Demansionamento: il danno ulteriore alla professionalità deve essere provato
A cura della redazione

La Corte di Cassazione, con la sentenza n. 19831 del 20 settembre 2010, ha stabilito che, nel regime di tutela reale di cui alla Legge n. 300 del 1970, articolo 18, avverso i licenziamenti illegittimi, sebbene la predeterminazione legale del danno risarcibile in favore del lavoratore (con riferimento alla retribuzione globale di fatto dal giorno del licenziamento a quello della reintegrazione) non escluda che il lavoratore possa chiedere il risarcimento del danno ulteriore (come il danno alla professionalità) che gli sia derivato dal ritardo della reintegra, occorre, pur sempre che sia il lavoratore a dimostrare di avere subito danni alla propria professionalità e alla propria immagine ulteriori e diversi da quelli già indennizzati attraverso l'attribuzione dell’indennità risarcitoria commisurata alla retribuzione globale di fatto per il periodo intercorrente tra il licenziamento e la reintegrazione.

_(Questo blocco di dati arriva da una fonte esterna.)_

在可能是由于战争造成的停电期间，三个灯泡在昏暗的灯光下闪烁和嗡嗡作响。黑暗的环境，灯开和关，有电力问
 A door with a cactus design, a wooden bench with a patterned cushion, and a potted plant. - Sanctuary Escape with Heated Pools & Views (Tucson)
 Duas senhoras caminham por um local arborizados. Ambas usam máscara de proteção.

La Suprema Corte aggiunge, infine, che l'indennità dovuta ai sensi dello Statuto dei Lavoratori (art. 18) è già di per sé destinata a risarcire il danno intrinsecamente connesso all’impossibilità materiale per il lavoratore non reintegrato di eseguire la propria prestazione lavorativa, con la conseguenza che ogni eventuale lesione della professionalità diversa ed ulteriore da quella legata al fatto oggettivo della cessazione della prestazione lavorativa va dedotta e provata dal lavoratore che ne pretenda il ristoro.